"""

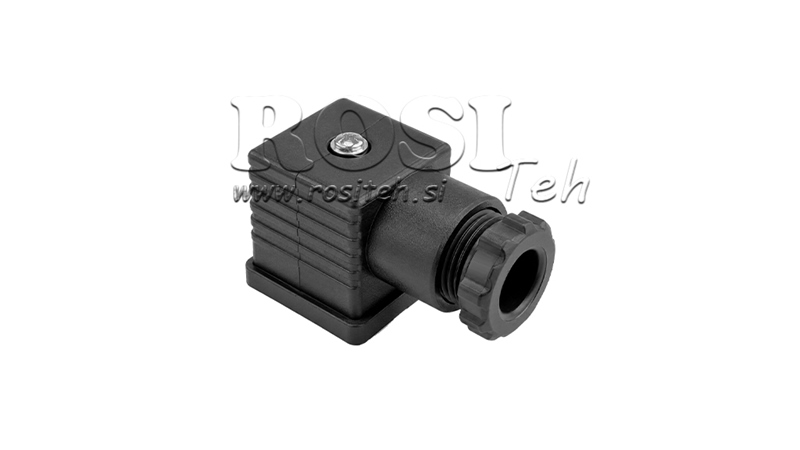 ELECTRIC CONNECTOR - BLACK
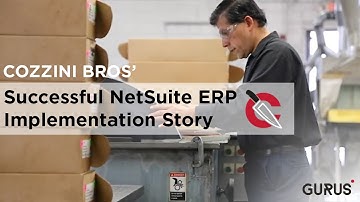 GURUS Partners with Cozzini Bros for Successful NetSuite ERP Implementation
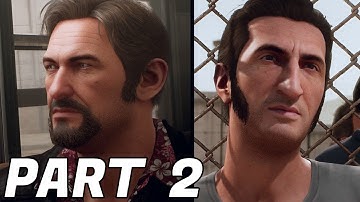 A WAY OUT Gameplay Walkthrough Part 2: ESCAPE PLAN [South African] (PLAYSTATION 5)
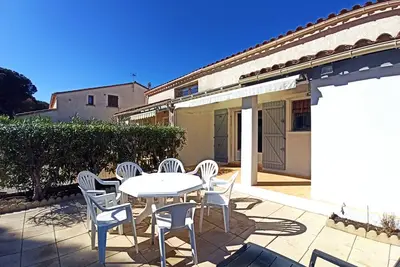 Image de villa mitoyenne 6 couchages classée 3 étoiles meublé de tourisme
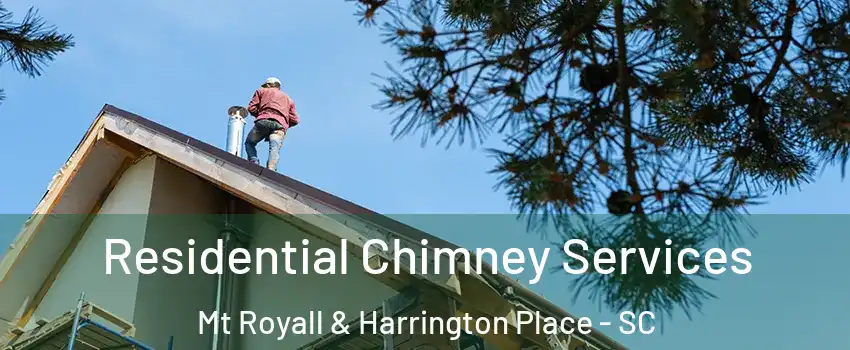 Residential Chimney Services Mt Royall & Harrington Place - SC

"""

- WHAT YOU WILL DO: Every line above is to be repeated exactly, but no picture is to appear in the copy.

- ANSWER SECTION:
 ELECTRIC CONNECTOR - BLACK
 GURUS Partners with Cozzini Bros for Successful NetSuite ERP Implementation
 A WAY OUT Gameplay Walkthrough Part 2: ESCAPE PLAN [South African] (PLAYSTATION 5)
 Image de villa mitoyenne 6 couchages classée 3 étoiles meublé de tourisme
 Residential Chimney Services Mt Royall & Harrington Place - SC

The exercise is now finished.